More updates. I bought an out-of-box engine, all accessories(chain, sprocket, motor mount etc), and a set of wheel and tire from the AMP kart shop. Quite a bit more expensive than I anticipated ($2400). Still need a kart stand and I can start putting everything together. Thanks for the video on break in. The mechanic at the kart shop told me he runs 10min on idle, cooldown, 2min on idle, 8min elevated rev idle, then stop and oil change. Then 70% max throttle on track, then full out on track, then another oil change to regular oil. I’ve seen some other instructions online also, seems everyone do it a bit differently. Do I need to check valve clearance etc after break in ?
Also bought some gloves and a kart suit. Will need to buy neck support, rib protector, and maybe some knee’eelbow pads. For the rib protector my local vendor has OMP and stilo, but not bengio, probably need to buy online.
Still need to figure out transport, planning to buy a small utility trailer. WIll probably tow it behind my girlfriend’s SUV. One potential problem is space. I have a 22’ two car garage and I intend to park 2 cars in it regularly. I can fit the kart in front of a car, but not sure where to put the trailer. I’ve seen some foldable trailer that can be stored upright. Any idea on this?
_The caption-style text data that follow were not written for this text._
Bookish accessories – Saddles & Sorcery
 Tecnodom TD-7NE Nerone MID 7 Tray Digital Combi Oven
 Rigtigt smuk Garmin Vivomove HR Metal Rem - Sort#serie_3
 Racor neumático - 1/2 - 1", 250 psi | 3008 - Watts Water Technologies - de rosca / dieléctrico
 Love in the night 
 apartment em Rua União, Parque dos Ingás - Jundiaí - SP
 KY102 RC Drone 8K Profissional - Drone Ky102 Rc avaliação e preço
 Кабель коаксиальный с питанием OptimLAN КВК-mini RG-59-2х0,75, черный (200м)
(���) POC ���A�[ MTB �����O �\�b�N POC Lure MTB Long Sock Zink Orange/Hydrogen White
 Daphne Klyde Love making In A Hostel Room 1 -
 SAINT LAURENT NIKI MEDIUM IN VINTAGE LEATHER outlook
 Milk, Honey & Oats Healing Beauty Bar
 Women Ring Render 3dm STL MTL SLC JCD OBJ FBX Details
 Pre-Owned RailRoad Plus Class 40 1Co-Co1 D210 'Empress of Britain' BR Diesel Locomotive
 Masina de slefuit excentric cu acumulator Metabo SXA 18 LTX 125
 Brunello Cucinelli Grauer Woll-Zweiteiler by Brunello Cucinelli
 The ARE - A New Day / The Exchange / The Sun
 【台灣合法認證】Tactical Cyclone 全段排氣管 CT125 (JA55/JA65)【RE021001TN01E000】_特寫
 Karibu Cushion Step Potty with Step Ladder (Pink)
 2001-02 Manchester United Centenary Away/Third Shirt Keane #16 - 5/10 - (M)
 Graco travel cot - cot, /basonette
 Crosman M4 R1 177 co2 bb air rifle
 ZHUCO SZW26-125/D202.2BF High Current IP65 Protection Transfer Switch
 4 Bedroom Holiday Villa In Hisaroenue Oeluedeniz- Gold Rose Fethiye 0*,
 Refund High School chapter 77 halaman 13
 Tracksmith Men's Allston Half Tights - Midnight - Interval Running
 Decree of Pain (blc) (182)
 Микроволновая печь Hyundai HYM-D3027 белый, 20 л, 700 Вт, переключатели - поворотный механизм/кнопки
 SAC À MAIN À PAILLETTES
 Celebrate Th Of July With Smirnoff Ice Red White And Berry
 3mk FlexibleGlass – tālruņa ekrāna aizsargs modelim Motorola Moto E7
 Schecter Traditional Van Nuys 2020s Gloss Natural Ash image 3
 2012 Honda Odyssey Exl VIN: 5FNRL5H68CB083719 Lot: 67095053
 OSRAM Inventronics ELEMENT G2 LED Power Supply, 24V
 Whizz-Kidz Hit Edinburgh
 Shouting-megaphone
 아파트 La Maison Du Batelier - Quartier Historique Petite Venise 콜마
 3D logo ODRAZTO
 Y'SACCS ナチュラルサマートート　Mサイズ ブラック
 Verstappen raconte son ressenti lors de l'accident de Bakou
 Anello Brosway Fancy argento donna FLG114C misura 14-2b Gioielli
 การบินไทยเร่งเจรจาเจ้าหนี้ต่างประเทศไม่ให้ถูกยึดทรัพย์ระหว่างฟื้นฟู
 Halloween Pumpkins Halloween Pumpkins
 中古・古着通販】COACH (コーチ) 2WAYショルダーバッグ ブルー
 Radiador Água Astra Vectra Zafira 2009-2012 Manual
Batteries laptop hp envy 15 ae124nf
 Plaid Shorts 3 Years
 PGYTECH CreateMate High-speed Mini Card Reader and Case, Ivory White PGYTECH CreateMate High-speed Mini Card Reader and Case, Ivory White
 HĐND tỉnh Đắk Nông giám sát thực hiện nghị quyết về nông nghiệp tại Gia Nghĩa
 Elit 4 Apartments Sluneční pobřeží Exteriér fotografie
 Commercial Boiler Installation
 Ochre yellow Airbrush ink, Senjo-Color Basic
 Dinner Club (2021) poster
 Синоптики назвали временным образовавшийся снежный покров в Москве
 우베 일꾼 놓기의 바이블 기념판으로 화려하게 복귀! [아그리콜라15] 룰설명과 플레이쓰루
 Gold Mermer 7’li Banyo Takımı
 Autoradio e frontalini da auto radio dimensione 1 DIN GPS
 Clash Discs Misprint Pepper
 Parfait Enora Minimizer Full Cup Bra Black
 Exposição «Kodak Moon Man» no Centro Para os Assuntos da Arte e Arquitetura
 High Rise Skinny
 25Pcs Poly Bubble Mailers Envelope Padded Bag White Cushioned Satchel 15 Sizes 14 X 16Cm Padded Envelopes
Final thing, data acquicision. I see many people use Mychron. I already have an Aim Solo, Apex Pro, and I have some hardware/analysis software I made myself. I’m more inclined to use what I have for now and build a custom system myself. What do kart data acquicision typically have? I’m guessing rpm, steering angle, brake pressure, lateral/longitudinal acceleration, then a 20Hz GPS. Maybe add a synced video?
Most data analysis for karting boils down to GPS speed, RPM, engine temp, and lat/long Gs. Brake pressure sensors and steering angle sensors aren’t that useful for the cost, and you can see all that stuff with accel/decel Gs and a speed trace anyway.
But don’t over-think the data too much at this point.
Sure, it could totally do that. Or you could look at the tire wear and see if it shows understeer.
The data can do all kinds of awesome stuff, but my main point is that there are other ways to get that data for free without buying sensors and plugging into a laptop. I can tell you if your kart is understeering 10 seconds after you get off track just by looking at the tire wear, whereas if you were to identify it with data only, you’d have to push back to the pits, download the data, make sure your overlays line up, and then study your traces before you come to a conclusion.
You can also visually just see oversteer by watching the driver’s hands from the grid.